Gli avvocati penalisti "I pm non possono scriversi le regole""

Si riapre il cantiere giustizia. I penalisti italiani si schierano al fianco del ministro Nordio, come riportato in un documento della giunta dell’Unione delle Camere Penali. "È così, mi auguro che il Governo e il ministro Nordio precedano spediti, come hanno promesso", dice il presidente dell’Unione delle Camere Penali, Domenico Caiazza.

Voi avvocati sostenete che bisogna respingere le speculazioni e i ricatti giustizialisti.

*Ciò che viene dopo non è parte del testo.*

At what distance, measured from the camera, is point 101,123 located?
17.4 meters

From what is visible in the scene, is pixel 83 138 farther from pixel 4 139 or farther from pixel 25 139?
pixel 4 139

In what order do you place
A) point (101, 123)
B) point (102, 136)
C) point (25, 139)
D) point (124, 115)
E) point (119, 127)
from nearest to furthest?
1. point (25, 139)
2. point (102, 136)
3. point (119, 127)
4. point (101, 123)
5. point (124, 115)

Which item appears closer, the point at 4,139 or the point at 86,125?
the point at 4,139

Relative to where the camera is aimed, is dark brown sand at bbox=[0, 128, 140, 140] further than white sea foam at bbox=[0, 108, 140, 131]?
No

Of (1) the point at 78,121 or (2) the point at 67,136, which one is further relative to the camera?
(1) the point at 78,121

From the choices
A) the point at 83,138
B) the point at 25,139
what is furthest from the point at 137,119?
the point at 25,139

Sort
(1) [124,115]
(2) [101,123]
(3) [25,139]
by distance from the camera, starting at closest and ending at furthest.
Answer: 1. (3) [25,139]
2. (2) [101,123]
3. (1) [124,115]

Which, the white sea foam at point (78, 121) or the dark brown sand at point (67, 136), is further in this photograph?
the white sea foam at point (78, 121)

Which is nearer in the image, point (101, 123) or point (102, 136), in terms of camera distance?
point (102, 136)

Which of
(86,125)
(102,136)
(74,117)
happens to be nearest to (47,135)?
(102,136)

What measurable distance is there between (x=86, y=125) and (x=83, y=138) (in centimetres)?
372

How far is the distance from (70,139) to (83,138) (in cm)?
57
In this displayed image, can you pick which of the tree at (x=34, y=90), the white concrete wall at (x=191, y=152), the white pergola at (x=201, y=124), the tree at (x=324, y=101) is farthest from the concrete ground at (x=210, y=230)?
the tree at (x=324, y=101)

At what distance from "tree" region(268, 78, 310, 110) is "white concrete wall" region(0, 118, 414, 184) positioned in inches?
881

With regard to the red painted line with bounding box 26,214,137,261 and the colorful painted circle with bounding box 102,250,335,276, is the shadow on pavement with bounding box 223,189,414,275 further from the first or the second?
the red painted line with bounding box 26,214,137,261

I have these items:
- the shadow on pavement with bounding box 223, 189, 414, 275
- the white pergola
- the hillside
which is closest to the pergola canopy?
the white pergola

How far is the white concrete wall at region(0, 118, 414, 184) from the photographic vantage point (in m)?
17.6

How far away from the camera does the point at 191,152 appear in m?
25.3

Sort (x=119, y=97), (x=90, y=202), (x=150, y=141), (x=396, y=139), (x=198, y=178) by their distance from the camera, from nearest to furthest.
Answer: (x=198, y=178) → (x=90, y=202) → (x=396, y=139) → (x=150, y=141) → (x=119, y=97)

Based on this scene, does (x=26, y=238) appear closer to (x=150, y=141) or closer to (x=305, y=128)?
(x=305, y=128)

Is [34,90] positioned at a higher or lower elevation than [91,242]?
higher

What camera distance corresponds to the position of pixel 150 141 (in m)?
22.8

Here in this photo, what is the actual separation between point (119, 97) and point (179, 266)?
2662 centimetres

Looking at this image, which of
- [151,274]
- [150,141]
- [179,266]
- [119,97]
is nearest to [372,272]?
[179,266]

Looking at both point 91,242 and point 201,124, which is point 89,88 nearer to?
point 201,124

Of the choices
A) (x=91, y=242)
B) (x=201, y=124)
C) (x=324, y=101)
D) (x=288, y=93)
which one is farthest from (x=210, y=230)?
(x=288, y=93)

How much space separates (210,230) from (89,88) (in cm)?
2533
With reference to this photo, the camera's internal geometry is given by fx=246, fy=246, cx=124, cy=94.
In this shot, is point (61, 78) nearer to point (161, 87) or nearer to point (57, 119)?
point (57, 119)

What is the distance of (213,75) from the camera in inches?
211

A chi vi riferite?

"Alla magistratura italiana e ad alcune forze politiche che pensano di affidare ai magistrati la politica della giustizia".

Sulle intercettazioni avete polemizzato anche con il procuratore di Palermo de Lucia che, dopo l’arresto di Messina Denaro, chiedeva il mantenimento delle intercettazioni contro la mafia.

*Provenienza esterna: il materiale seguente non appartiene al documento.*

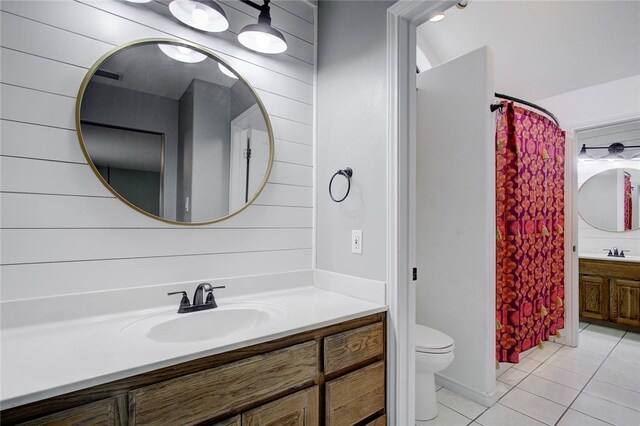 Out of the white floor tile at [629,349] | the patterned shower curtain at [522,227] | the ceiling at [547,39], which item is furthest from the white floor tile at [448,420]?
the ceiling at [547,39]

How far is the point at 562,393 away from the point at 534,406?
325 mm

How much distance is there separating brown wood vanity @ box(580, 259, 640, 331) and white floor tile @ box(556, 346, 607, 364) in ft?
2.62

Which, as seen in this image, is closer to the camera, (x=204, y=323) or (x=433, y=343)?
(x=204, y=323)

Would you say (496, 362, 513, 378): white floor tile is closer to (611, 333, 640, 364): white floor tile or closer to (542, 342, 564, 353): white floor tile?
(542, 342, 564, 353): white floor tile

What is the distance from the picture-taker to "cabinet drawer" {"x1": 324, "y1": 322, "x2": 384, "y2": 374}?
121cm

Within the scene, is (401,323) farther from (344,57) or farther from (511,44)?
(511,44)

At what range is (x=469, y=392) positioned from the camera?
80.8 inches

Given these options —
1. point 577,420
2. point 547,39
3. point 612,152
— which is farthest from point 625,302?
point 547,39

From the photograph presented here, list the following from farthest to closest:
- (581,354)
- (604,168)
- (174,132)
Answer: (604,168), (581,354), (174,132)

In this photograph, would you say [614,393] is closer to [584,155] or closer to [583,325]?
[583,325]

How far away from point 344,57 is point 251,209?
0.96 meters

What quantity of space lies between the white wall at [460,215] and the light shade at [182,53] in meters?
1.58

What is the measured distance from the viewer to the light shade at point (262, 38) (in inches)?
58.1

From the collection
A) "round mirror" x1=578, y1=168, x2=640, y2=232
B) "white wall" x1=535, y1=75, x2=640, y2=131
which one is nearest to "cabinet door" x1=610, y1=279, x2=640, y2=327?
"round mirror" x1=578, y1=168, x2=640, y2=232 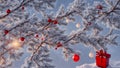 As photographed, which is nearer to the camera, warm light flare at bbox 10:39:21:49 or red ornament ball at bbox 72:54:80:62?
red ornament ball at bbox 72:54:80:62

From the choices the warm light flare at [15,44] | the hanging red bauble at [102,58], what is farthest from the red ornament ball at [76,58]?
the warm light flare at [15,44]

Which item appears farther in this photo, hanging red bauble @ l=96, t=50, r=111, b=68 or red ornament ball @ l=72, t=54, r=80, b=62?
hanging red bauble @ l=96, t=50, r=111, b=68

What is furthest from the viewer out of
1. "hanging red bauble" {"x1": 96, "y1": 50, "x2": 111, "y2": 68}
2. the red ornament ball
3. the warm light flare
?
"hanging red bauble" {"x1": 96, "y1": 50, "x2": 111, "y2": 68}

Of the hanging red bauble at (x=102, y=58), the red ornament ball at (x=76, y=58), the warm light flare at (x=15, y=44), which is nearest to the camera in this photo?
the red ornament ball at (x=76, y=58)

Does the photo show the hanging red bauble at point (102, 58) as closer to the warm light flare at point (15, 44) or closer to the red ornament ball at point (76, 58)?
the red ornament ball at point (76, 58)

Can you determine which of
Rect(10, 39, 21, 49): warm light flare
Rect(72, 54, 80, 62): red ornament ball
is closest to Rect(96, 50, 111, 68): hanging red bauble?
Rect(72, 54, 80, 62): red ornament ball

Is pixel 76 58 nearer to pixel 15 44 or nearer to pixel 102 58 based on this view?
pixel 102 58

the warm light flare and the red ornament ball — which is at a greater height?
the warm light flare

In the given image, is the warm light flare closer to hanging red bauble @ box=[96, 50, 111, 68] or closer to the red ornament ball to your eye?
the red ornament ball

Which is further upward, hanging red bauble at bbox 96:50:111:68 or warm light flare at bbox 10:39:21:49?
warm light flare at bbox 10:39:21:49

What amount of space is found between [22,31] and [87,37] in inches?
46.5

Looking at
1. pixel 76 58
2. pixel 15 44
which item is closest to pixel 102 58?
→ pixel 76 58

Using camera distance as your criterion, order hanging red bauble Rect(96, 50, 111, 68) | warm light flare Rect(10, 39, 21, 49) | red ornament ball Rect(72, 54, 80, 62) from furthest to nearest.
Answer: hanging red bauble Rect(96, 50, 111, 68) < warm light flare Rect(10, 39, 21, 49) < red ornament ball Rect(72, 54, 80, 62)

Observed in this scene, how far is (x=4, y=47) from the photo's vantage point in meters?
5.27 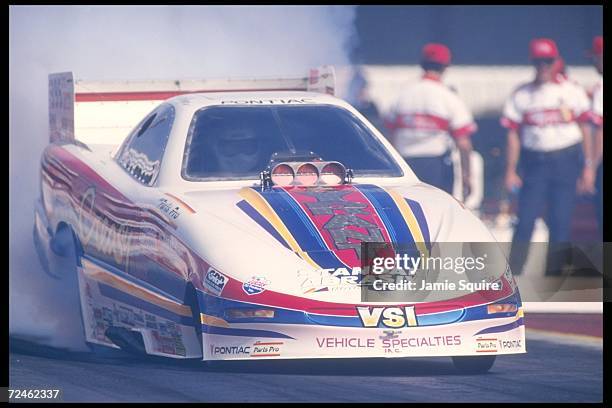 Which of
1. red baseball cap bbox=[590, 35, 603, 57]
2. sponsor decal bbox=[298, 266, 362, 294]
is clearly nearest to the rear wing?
sponsor decal bbox=[298, 266, 362, 294]

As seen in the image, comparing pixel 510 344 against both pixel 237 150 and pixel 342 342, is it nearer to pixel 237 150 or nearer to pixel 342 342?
pixel 342 342

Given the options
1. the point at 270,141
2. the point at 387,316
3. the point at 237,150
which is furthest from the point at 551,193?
the point at 387,316

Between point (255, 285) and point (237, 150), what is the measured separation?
1.50 meters

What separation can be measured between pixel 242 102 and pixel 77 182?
3.65ft

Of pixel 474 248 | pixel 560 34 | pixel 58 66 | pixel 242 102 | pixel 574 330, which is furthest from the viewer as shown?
pixel 560 34

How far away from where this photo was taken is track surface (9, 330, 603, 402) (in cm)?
757

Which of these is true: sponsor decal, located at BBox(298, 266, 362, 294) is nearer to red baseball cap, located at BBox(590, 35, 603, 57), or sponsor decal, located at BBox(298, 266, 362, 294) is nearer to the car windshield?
the car windshield

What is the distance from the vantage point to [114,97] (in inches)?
439

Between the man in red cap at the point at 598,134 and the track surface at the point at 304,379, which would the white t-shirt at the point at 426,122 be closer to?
the man in red cap at the point at 598,134

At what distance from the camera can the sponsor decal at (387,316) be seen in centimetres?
744

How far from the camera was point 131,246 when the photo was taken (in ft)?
27.6

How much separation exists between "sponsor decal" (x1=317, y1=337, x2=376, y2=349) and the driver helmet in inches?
62.1

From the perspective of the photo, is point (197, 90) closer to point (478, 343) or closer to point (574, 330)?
point (574, 330)

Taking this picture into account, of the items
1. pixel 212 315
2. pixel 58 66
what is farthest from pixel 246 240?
pixel 58 66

"Si è trattato di un intervento inutile e avventato perché nessuno chiede la fine delle intercettazioni. Sono state parole che hanno solo prestato il fianco a inammissibili e grossolane speculazioni di stampo giustizialista".

Che tipo di riforma dovrebbe proporre il ministro sulle intercettazioni?

"Nessuno, a partire da Nordio, contesta l’uso delle intercettazioni per mafia e terrorismo. Ma non possono essere concesse intercettazioni ‘a strascico’: se si autorizzano quelle per mafia e terrorismo, beh, ci si ferma a quei reati".

Spieghi meglio.

"La pesca a strascico dei reati funziona così: io ti autorizzo per il reato A, ma se scopri anche B e C prendi pure, non si butta nulla. È una cosa inammissibile".

La riforma Cartabia ha introdotto l’obbligo della querela di parte per un’ampia serie di reati. Nordio starebbe per reintrodurre la procedibilità d’ufficio per i reati con l’aggravante mafiosa.

"È una decisione sensata e condivisibile. Ma la Cartabia non c’entra nulla, per le minacce mafiose, ad esempio, la procedibilità d’ufficio esiste già".

Voi chiedete al Governo riforme liberali. Quali?

"Separazione delle carriere e ripensamento dell’azione penale. Oggi la discrezionalità dell’azione penale esiste già: i pm chiudono tanti fascicoli nei cassetti, facendoli morire con la prescrizione".